Maybe i'm getting old but should . and .. not be ignored by any command ? AFAIK these are there because of the filesystem and serve no other purpose.
That would make no sense, simply because you specifically fed the names .
and ..
to chown by your chown <...> .*
. In such an instance, why should chown
think that you didn't do what you wanted to do?
The names were fed to chown because the shell expanded them based on the shell glob expansion criteria you gave it, which matched both .
and ..
along with every other dot-directory in the current directory. Since you told chown
to work recursively, it descended into those directories and anything below them. This means it "descended into" ..
and then kept working from there.
You can try this out yourself by doing echo .*
to see the names that were fed into chown's command line. Compare that to the output of echo *
with shopt dotglob
on and off respectively (shopt -s dotglob
to turn on, shopt -u dotglob
to turn off). Use ls
rather than echo
to see the first level of recursion.
There are perfectly valid reasons for running even a chown -R
on either .
or ..
. The most obvious seems to be to extract an archive that has incorrect ownership information on files and all files within a single directory; in such a case, chown -R abc:xyz .

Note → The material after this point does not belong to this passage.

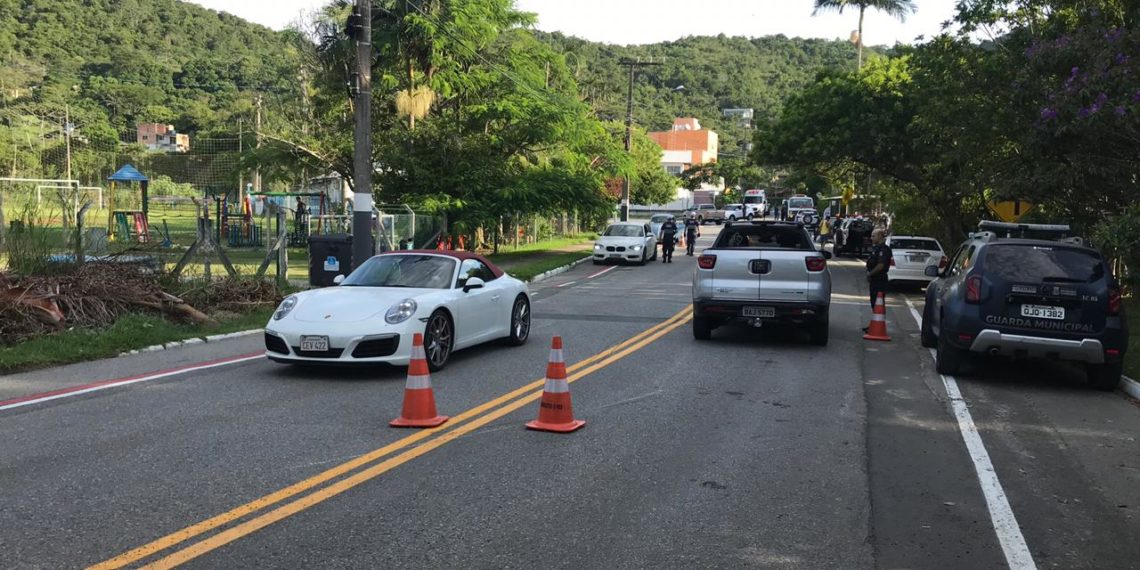 Fotos: Agentes de Trânsito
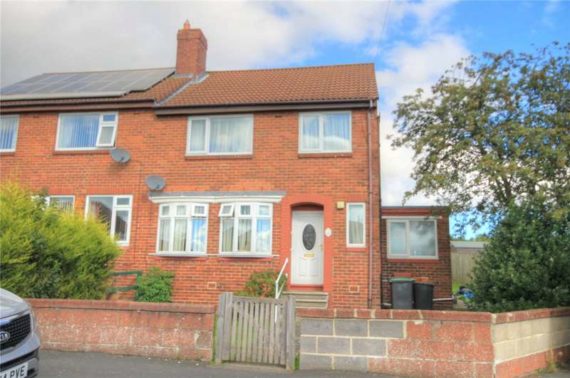 3&nbsp;Bedroom&nbsp;Semi-Detac...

from within the uncompressed directory is a perfectly reasonable thing to do, to reset ownership to something reasonable on your system.

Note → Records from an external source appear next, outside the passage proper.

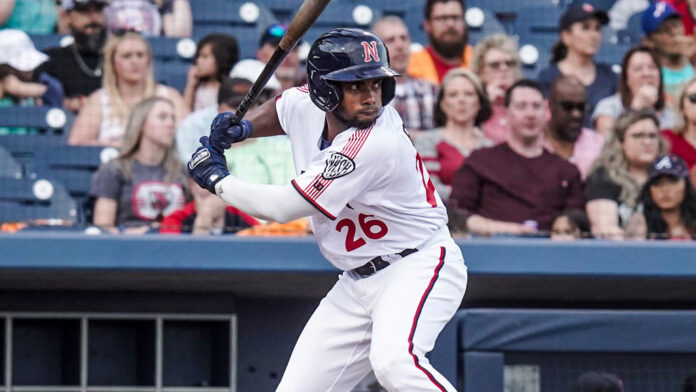 Memphis Redbirds Hit Two Homers as Nashville Sounds’ Slump Continues. (Nashville Sounds)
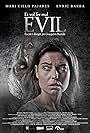 Mari Cielo Pajares and Enric Barba in Evil (2018)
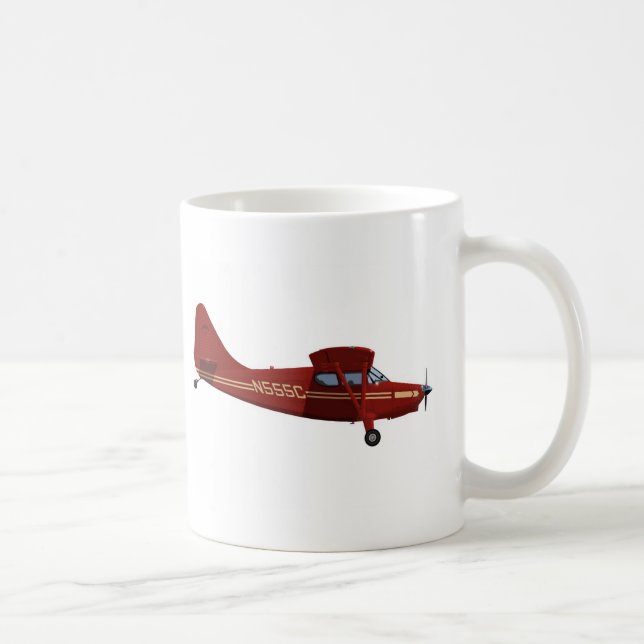Stinson 108-3 427427 coffee mug (Right)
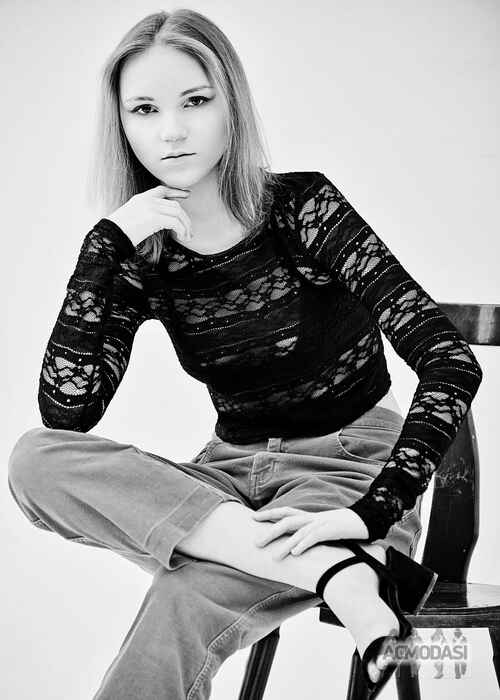 Екатерина Евгеньевна Кулятина фото №1454961. Загружено 07 Мая 2019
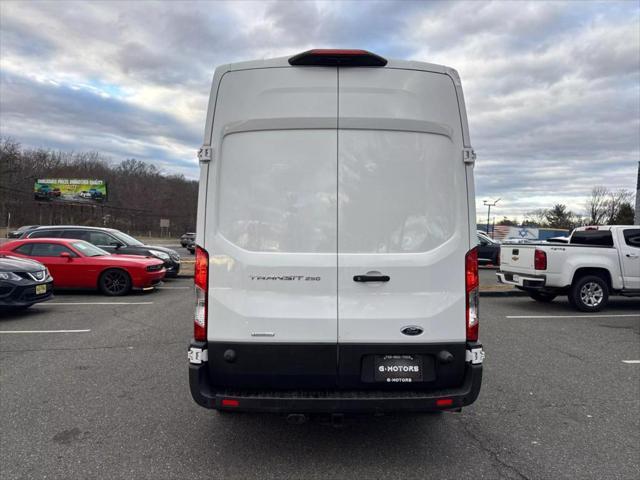 used 2020 Ford Transit-250 car, priced at $24,900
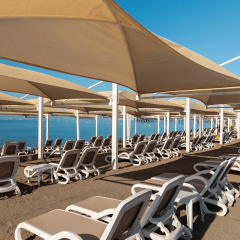 Swandor Hotels & Resorts - Topkapi Palace - Ultra All Inclusive - Bild 15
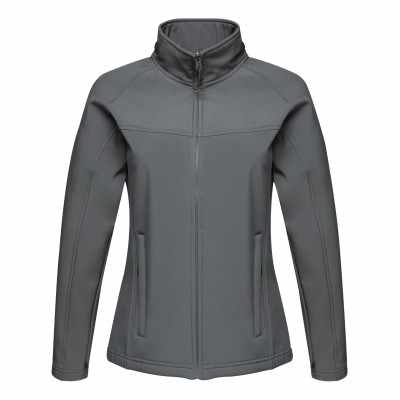 Softshell Uproar da donna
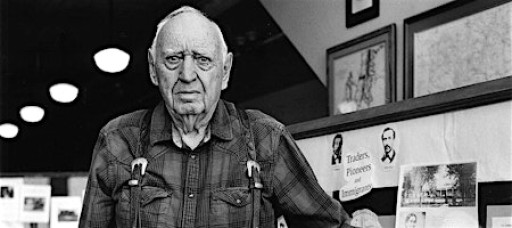 The Story Behind the Photograph: An Evening with Peter Schreyer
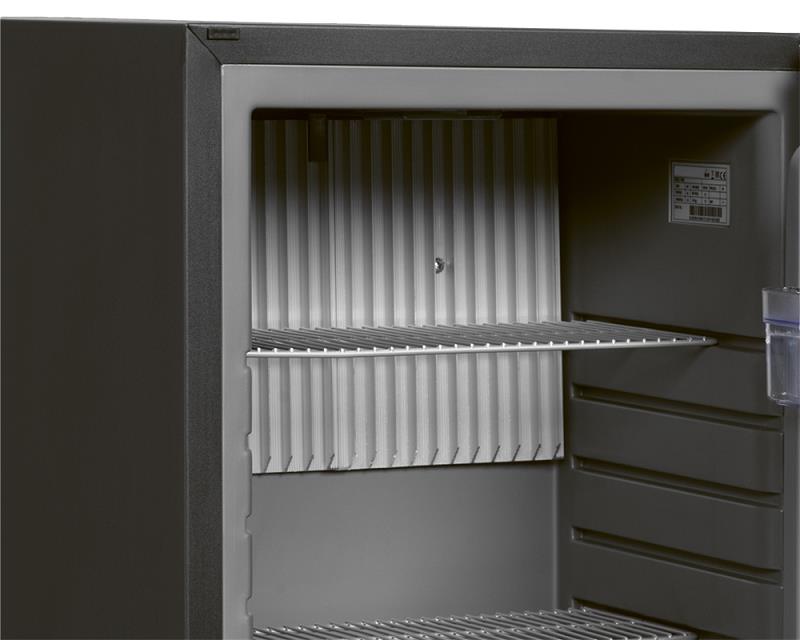 Bild 5: Nordcap Glastür Minibar TM 33-G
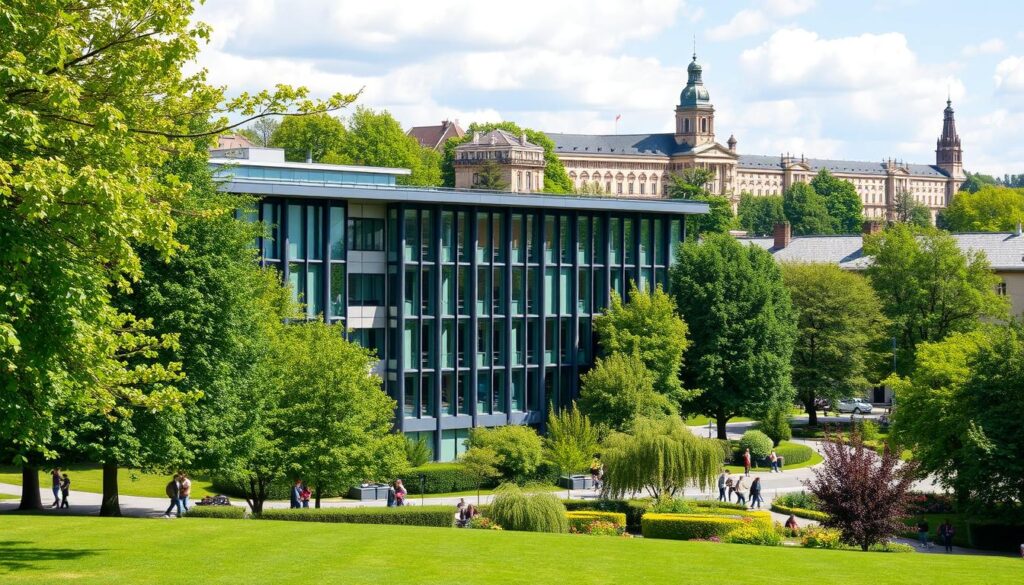 Berufsbegleitendes Studium in Wiesbaden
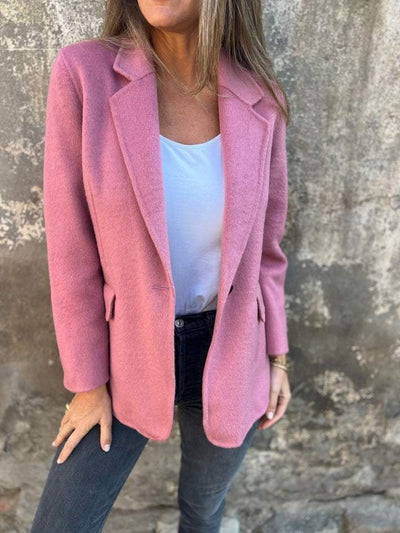 Luna™ Stylish Women Blazer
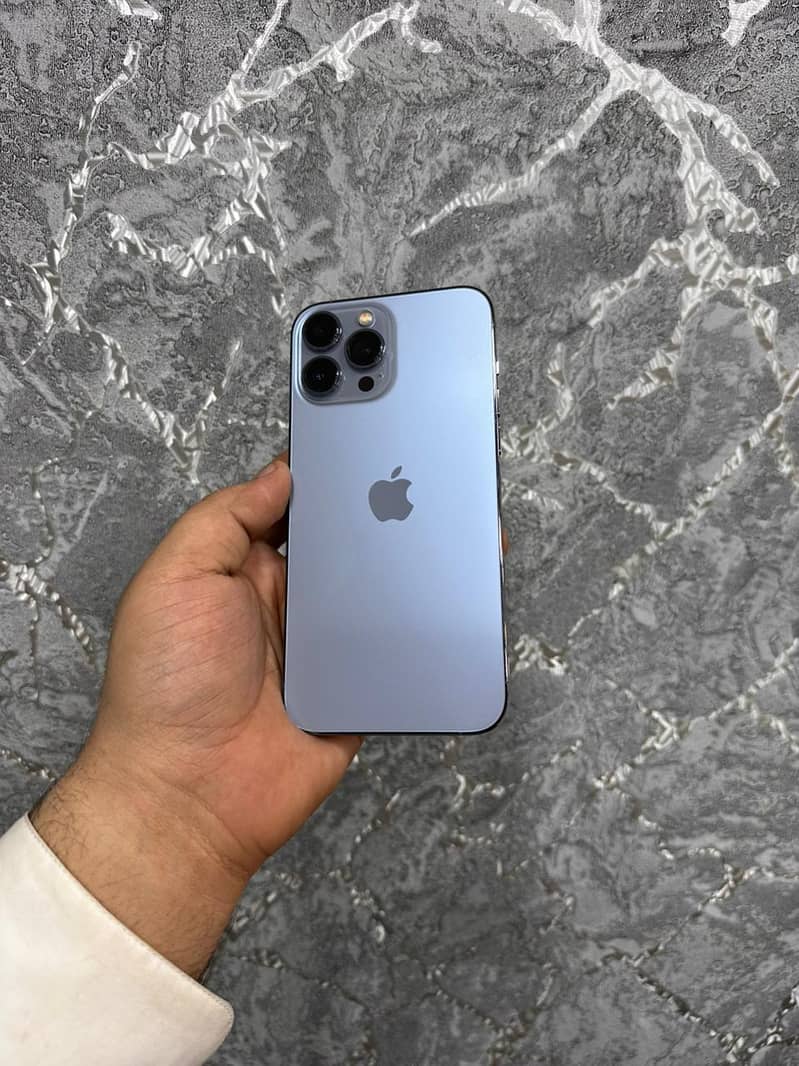 IPHONE 13 Pro MAX 1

If you want your shell to not expand .*
into .
and ..
then you need to make sure that it is set up correctly for your particular shell. For example, quoting from the GNU bash 4.2.37(1)-release (current on Debian Wheezy at the time of this writing, Debian bash
package version 4.2+dfsg-0.1+deb7u3
on amd64 architecture) man page:
GLOBIGNORE
A colon-separated list of patterns defining the set of file names to be ignored by pathname expansion. If a filename matched by a pathname expansion pattern also matches one of the patterns in GLOBIGNORE, it is removed from the list of matches.
Remember that part of the Unix philosophy is "trust that the user knows what they are doing".